Argued: November 12, 2003

Opinion Issued: January 8, 2004

Peter W. Heed, attorney general (Susan P. McGinnis, assistant attorney general, on the brief and orally), for the State.

Matthew J. Lahey, P.A., of Laconia (Matthew J. Lahey on the brief and orally), for the defendant.


DUGGAN, J. The defendant, James Johnston, Jr., appeals his conviction in Superior Court (Perkins, J.) on five counts of possession of child pornography. See RSA 649-A:3, I(e) (Supp. 2002). On appeal, the defendant argues that the trial court erred in denying his motion to suppress evidence obtained during a search of his home. We affirm.

The following facts were adduced at the suppression hearing.
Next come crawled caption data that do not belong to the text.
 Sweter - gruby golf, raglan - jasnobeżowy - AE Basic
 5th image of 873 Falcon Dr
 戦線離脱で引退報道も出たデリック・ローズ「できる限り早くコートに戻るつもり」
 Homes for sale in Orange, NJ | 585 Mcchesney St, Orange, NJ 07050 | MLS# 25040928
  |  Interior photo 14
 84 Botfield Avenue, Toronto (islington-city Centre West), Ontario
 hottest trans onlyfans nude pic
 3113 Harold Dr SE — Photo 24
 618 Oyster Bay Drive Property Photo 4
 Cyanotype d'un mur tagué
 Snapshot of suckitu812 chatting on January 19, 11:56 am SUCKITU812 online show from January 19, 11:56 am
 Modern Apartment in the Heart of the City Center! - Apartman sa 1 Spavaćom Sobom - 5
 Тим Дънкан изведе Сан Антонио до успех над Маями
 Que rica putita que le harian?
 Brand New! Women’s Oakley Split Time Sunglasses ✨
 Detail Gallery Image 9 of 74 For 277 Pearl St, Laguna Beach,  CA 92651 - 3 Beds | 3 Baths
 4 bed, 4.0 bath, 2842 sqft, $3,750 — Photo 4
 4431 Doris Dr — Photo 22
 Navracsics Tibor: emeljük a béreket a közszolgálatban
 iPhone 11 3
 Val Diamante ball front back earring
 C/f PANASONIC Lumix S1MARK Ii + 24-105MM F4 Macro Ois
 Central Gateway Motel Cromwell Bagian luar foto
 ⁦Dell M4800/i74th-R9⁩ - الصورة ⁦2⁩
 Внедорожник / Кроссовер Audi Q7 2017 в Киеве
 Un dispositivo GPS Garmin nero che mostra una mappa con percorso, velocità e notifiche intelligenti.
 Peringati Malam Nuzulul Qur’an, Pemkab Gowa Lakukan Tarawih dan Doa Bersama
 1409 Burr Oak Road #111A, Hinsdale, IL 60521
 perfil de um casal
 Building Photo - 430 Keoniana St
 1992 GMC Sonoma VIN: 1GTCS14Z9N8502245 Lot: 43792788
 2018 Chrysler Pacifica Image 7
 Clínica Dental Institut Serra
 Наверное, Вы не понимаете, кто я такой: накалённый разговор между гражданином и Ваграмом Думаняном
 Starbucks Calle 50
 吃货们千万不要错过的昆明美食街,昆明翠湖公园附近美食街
In May 1999, the defendant used his credit card to purchase a subscription to a child pornography website from In September 1999, federal authorities raided Landslide’s Texas offices and confiscated records that revealed the defendant’s earlier purchase.

On May 24, 2001, Detective Steven Crockett of the Belmont Police Department attended a meeting at State Police headquarters, at which he learned that Landslide’s records indicated that the defendant had purchased a subscription to the website. Because there was some concern about the accuracy of the two-year-old information, authorities recommended that officers use a "knock and talk" procedure. Detective Crockett received a copy of a "[r]ecommended dialogue for knock and talk approach," as well as a diskette that detects child pornography on computer hard drives.

On June 4, 2001, at about 4:00 p.m., Detective Crockett and Detective Simmons of the Laconia Police Department, both in plain clothes, visited the defendant at his mobile home. The officers drove into the defendant’s driveway, parked behind the defendant’s car and knocked on the front door. When the defendant opened the door, the officers identified themselves and told the defendant that "an investigation [ ] revealed that his computer might have been compromised by having an illegal purchase made through his Internet account." The officers also told the defendant that they wanted to use a disk to check his computer for any illegal activity. When the defendant asked "what type of illegal activity" they were investigating, Detective Crockett told him that they were looking for child pornography. The defendant "acted surprised" and told the officers that they "certainly could come in and check what [they] needed to check."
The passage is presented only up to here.